Datroway (datopotamab deruxtecan) is a Trop-2-targeted antibody-drug conjugate developed by Daiichi Sankyo Co., Ltd., which was approved by the U.S. FDA in 2025. It is indicated for the treatment of adult patients with unresectable or metastatic hormone receptor (HR)-positive, human epidermal growth factor receptor 2 (HER2)-negative breast cancer who have previously received endocrine therapy and chemotherapy.

Dosage and Administration of Datroway (Datopotamab Deruxtecan)

Route of Administration and Dosage Specifications

Datroway must be administered via intravenous infusion; intravenous bolus or rapid injection is strictly prohibited.

The drug is supplied as a 100 mg lyophilized powder in a single-dose vial.

The recommended dosage is 6 mg/kg (maximum dose of 540 mg for patients with body weight ≥ 90 kg), administered once every 3 weeks (21-day cycle) until disease progression or unacceptable toxicity occurs.

Premedication

Preservative-free lubricating eye drops: At least four times daily, with additional doses as needed.

Corticosteroid-containing mouthwash (0.1 mg/mL dexamethasone oral solution): Four times daily.

Antihistamine (diphenhydramine 25-50 mg): Administered intravenously or orally.

Antipyretic and analgesic (acetaminophen 650-1000 mg).

5-HT3 serotonin receptor antagonist or other appropriate antiemetic.

Infusion Regimen

First infusion: Duration of 90 minutes; monitor for at least 1 hour after infusion.

Second infusion: If the first infusion is well-tolerated, duration of 30 minutes; monitor for at least 1 hour after infusion.

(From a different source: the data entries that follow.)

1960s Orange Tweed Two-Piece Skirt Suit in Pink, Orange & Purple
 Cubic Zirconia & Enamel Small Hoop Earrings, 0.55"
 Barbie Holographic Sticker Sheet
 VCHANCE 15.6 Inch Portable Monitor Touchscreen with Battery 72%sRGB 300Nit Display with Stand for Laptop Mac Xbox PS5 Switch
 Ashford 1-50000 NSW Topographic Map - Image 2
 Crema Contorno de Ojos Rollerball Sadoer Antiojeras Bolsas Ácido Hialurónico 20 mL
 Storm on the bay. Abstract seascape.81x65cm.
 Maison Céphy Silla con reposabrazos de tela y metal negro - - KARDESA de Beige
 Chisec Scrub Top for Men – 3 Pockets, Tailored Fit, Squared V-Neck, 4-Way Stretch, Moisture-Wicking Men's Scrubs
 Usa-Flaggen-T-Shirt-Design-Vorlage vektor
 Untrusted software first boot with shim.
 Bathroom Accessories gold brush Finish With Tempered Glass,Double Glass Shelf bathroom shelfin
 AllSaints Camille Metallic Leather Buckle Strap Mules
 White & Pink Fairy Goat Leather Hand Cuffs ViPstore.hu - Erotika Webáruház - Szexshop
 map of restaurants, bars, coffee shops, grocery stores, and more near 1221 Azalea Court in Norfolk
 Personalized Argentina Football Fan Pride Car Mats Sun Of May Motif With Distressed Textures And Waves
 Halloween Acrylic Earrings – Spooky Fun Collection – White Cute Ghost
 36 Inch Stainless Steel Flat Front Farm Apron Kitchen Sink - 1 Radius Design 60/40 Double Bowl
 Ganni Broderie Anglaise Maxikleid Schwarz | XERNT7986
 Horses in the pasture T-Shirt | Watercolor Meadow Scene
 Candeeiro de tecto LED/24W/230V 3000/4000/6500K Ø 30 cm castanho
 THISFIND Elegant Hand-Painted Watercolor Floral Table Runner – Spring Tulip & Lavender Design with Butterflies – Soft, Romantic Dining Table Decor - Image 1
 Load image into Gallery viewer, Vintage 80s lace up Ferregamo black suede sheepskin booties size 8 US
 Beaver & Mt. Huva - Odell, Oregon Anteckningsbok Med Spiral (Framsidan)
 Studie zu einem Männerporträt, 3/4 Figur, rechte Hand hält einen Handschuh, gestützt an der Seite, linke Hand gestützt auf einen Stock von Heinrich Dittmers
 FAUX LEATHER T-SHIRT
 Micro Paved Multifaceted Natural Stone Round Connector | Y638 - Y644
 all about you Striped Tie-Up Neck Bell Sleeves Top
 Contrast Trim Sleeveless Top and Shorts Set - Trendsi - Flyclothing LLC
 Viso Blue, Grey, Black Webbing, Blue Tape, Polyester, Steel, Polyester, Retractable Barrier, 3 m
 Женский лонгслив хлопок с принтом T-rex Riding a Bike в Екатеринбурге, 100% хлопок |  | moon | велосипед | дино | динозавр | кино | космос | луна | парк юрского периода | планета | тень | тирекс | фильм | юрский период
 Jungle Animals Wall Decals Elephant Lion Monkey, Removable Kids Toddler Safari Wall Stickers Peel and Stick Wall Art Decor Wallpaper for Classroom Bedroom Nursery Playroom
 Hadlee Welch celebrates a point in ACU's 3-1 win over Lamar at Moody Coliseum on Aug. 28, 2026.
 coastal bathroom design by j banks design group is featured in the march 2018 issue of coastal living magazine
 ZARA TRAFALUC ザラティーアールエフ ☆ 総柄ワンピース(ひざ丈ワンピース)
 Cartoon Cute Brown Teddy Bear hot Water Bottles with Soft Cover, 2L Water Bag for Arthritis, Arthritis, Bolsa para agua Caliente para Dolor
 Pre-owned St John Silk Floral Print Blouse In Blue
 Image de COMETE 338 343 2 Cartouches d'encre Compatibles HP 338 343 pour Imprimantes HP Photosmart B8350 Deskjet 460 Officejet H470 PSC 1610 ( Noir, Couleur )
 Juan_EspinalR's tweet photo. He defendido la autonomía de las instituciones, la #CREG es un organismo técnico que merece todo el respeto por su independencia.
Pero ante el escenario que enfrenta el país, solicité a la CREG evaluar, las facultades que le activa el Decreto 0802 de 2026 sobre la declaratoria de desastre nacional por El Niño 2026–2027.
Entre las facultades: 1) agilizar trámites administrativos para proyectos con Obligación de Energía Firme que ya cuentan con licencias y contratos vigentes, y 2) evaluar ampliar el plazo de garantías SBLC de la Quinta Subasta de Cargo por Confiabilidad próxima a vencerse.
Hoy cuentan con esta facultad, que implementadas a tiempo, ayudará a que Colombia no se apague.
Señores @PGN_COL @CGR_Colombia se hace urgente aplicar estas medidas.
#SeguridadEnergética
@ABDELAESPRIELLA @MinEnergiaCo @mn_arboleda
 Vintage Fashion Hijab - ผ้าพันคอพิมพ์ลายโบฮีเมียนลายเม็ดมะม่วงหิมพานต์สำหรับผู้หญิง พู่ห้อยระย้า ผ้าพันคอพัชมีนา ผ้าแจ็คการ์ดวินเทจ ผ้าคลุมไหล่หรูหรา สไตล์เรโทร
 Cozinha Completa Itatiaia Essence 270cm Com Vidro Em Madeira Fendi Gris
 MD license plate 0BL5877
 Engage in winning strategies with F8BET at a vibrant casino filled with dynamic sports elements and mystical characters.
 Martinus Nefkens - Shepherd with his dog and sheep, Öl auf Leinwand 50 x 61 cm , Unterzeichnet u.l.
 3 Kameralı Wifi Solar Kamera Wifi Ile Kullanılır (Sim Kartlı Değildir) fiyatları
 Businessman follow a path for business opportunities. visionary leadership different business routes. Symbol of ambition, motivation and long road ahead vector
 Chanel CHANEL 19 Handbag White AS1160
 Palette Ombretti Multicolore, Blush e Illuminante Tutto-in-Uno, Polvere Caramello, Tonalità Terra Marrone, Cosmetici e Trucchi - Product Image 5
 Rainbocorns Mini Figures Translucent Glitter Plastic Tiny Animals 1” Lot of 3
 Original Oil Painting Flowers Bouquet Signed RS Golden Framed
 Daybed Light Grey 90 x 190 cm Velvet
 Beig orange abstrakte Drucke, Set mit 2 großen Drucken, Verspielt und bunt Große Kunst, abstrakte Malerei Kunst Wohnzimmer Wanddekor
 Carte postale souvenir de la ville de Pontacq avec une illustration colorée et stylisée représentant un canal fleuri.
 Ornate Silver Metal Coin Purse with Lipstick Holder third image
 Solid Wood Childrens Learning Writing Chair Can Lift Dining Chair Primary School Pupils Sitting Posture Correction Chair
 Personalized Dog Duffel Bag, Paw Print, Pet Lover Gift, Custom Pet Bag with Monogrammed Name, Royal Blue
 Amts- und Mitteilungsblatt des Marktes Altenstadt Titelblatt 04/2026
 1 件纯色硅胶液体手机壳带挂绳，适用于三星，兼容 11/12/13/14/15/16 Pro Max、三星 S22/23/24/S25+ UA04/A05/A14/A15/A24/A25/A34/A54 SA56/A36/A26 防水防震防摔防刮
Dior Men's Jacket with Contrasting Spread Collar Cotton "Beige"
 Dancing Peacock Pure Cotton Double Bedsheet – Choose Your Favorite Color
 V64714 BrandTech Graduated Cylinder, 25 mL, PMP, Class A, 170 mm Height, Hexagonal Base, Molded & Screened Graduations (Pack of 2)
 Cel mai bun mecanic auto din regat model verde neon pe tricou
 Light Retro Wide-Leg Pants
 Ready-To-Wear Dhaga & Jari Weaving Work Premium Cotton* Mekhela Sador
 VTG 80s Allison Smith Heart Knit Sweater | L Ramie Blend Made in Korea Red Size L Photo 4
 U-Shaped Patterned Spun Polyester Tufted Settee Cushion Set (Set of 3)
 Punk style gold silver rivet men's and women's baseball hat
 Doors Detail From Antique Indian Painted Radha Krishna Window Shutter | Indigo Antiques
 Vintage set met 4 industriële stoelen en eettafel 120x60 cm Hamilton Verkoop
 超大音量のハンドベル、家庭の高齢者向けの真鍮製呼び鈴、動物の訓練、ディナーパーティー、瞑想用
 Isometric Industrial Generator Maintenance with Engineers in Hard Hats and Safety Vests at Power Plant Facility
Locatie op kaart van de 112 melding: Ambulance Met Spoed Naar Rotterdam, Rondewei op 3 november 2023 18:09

Subsequent infusions: If the previous infusion is well-tolerated, duration of 30 minutes; monitor for at least 30 minutes after infusion.

Dosage Adjustments for Datroway (Datopotamab Deruxtecan)

Dosage Adjustments Based on Adverse Reactions

First dose reduction: 4 mg/kg (maximum 360 mg).

Second dose reduction: 3 mg/kg (maximum 270 mg).

If the patient cannot tolerate the 3 mg/kg dose, Datroway should be permanently discontinued.

Interstitial Lung Disease (ILD)/Pneumonitis

Asymptomatic (Grade 1): Suspend administration until complete resolution, then resume treatment.

Symptomatic (Grade 2 or higher): Permanently discontinue and immediately initiate corticosteroid therapy.

Ocular Adverse Reactions

Non-confluent superficial keratitis: Suspend administration until improvement.

Confluent superficial keratitis or corneal epithelial defect: Reduce by one dose level.

Medication in Special Populations for Datroway (Datopotamab Deruxtecan)

Reproductive-Age Population

Women of childbearing potential should undergo a pregnancy test before treatment initiation.

Effective contraception must be used during treatment and for 7 months after the last dose.

Male patients with female partners of childbearing potential should use effective contraception during treatment and for 4 months after the last dose.

Pregnancy and Lactation

Based on the mechanism of action, Datroway may cause fetal harm.

Breastfeeding is prohibited during treatment and for 1 month after the last dose.

Patients with Hepatic or Renal Impairment

Mild renal impairment (CLcr 30-89 mL/min): No dosage adjustment is required, but close monitoring of adverse reactions is recommended.

Moderate renal impairment: Dosage adjustment and enhanced monitoring are required.

Mild hepatic impairment: No dosage adjustment is required.

Moderate hepatic impairment: Dosage adjustment and close monitoring of adverse reactions are required.